Browsed The CeLSIUS Website - That of the support team for academic users of the Office for National Statistics' Longitudinal Study The LS is something we are looking to use for MoSeS.
Read Rogerson, P. A. (2001) Monitoring point patterns for the development of space-time clusters. Journal of the Royal Statistical Society (A), 164, pp. 87 - 96. - Adaption of cumulative sum methods for use with Knox's space-time statistic and application to Burkitt's lymphoma in Uganda. Contains a useful description and equations for a local version of the Knox test for space-time interactions. From the description this method is similar to that of GAMK-T of Stan Openshaw et al , which should have been referenced. It may be worth contacting the author and using this method in your PhD.

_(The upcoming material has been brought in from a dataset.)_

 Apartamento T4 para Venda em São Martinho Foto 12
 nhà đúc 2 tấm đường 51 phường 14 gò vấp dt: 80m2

Browsed Applied Geography Volume 26, Issue 1 (January 2006) and Volume 25 (2005).
Skim read Atkinson D.M., Deadman P., Dudycha D., Traynor S (2005) Multi-criteria evaluation and least cost path analysis for an arctic all-weather road. - Looks good and has no reference to my colleague Steve Carver's work, so I pointed him to it.
Skim read Rocchini D., Di Rita A. (2005) Relief effects on aerial photos geometric correction. - Looks good and related to some work my colleague Erling Dalen is doing, so I pointed him to it.